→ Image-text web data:
--

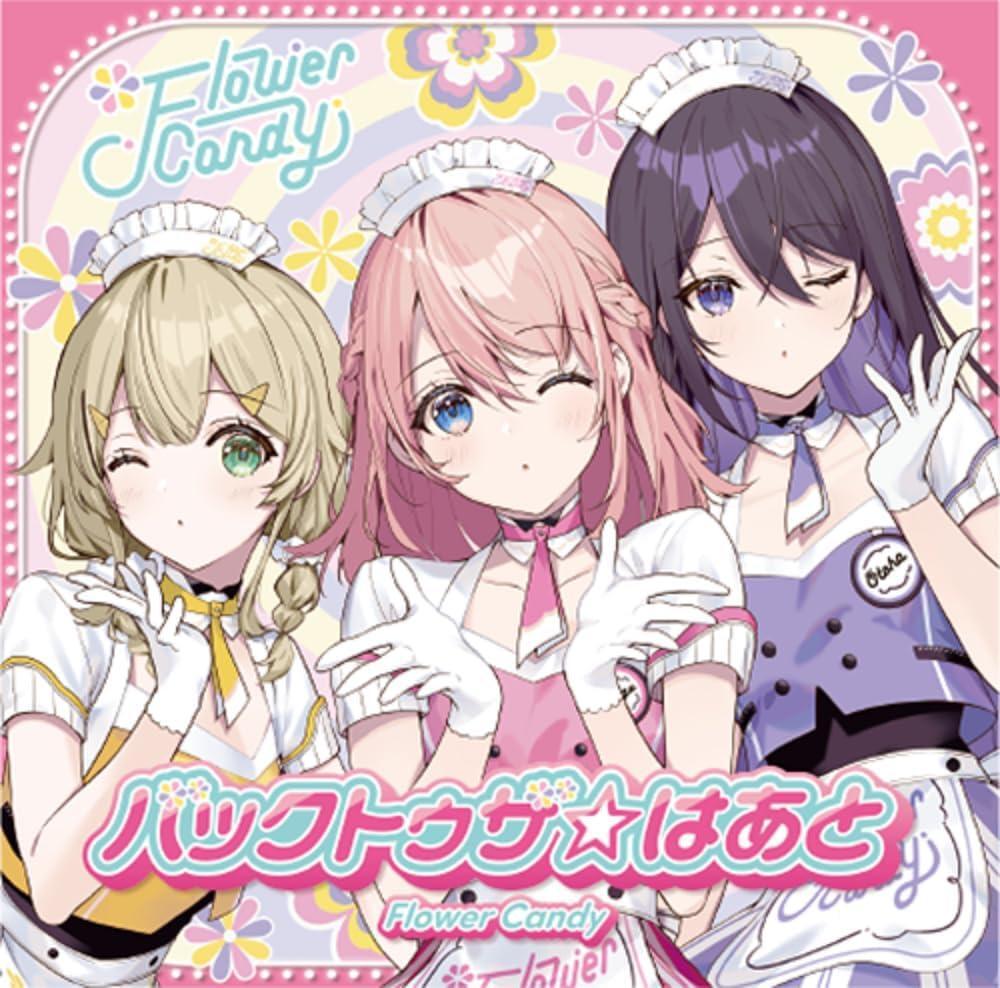 CD Uta no Prince-sama BACK to the IDOL Flower Candy 1st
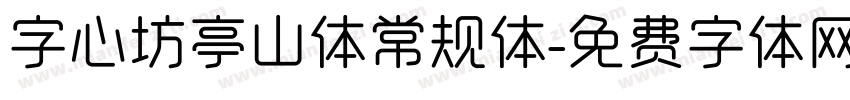 字心坊亭山体常规体字体转换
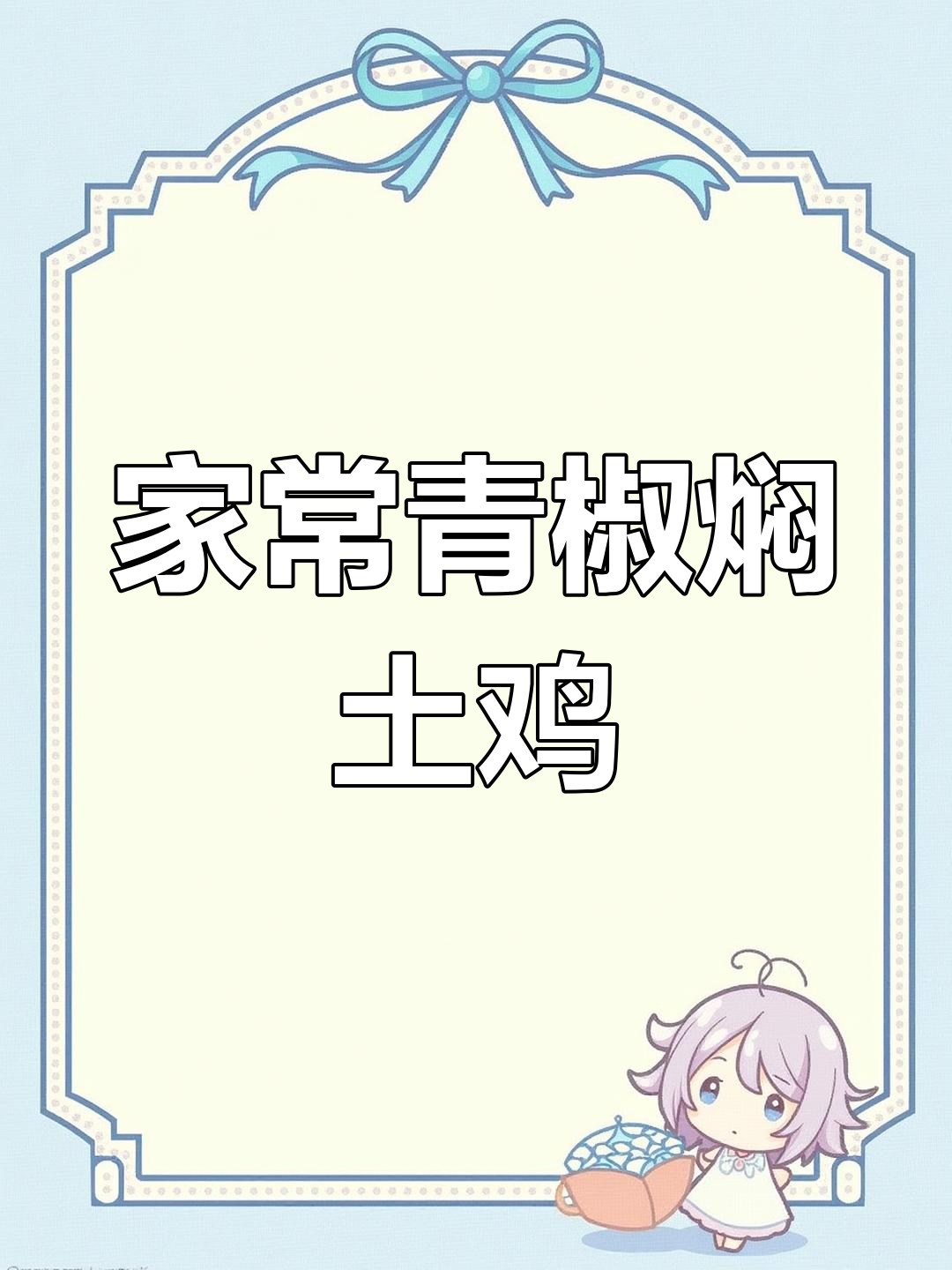 青椒焖土鸡,家常美味轻松做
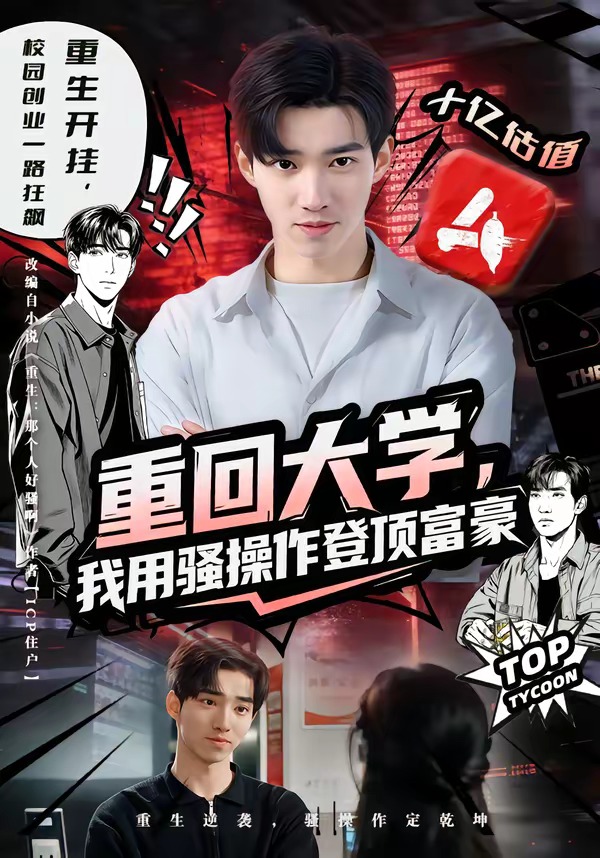 重回大學，我用騷操作登頂富豪(全集)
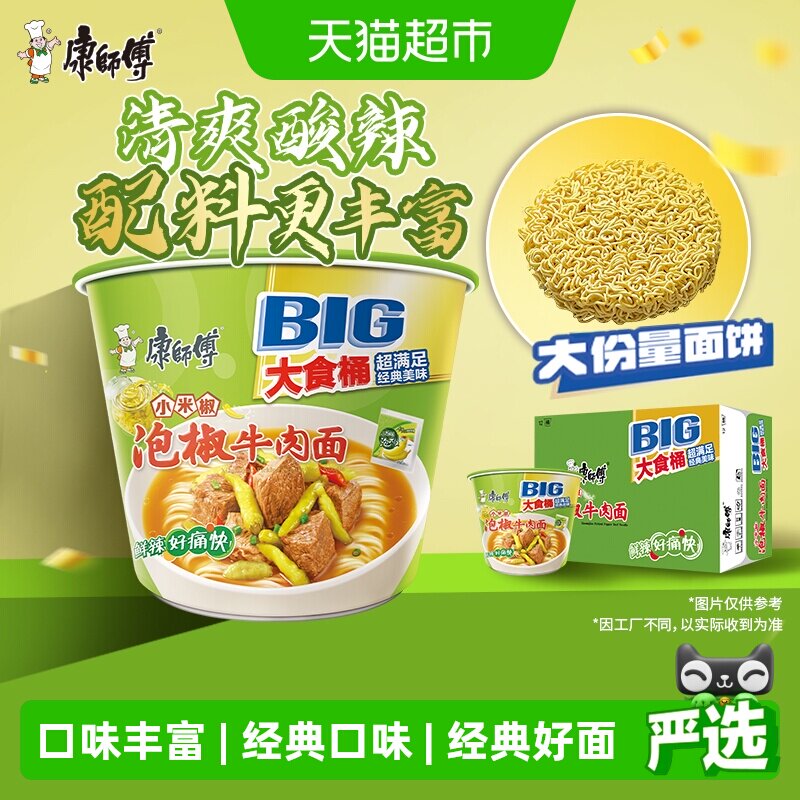 康师傅泡椒牛肉面好面图片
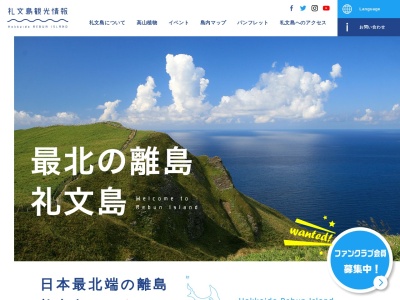 香深港の見送り(日本、〒097-1201北海道礼文郡礼文町香深村)
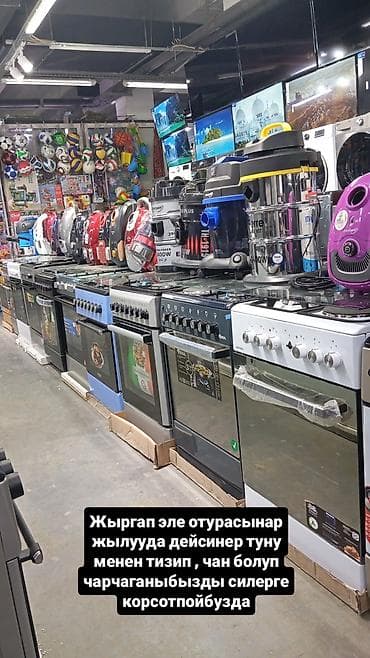 kleo: Торговые холодильники и витрины для магазинов, кафе и рынков — 5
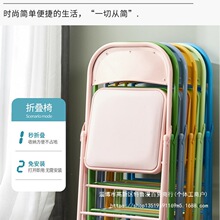简易凳子靠背椅家用折叠椅子便携办公椅会议椅电脑椅餐椅宿舍椅子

--

→ TASK PROMPT: Each record should be written out again exactly, though without its pictures.

→ ANSWER BOX:
 CD Uta no Prince-sama BACK to the IDOL Flower Candy 1st
 字心坊亭山体常规体字体转换
 青椒焖土鸡,家常美味轻松做
 重回大學，我用騷操作登頂富豪(全集)
 康师傅泡椒牛肉面好面图片
 香深港の見送り(日本、〒097-1201北海道礼文郡礼文町香深村)
 kleo: Торговые холодильники и витрины для магазинов, кафе и рынков — 5
简易凳子靠背椅家用折叠椅子便携办公椅会议椅电脑椅餐椅宿舍椅子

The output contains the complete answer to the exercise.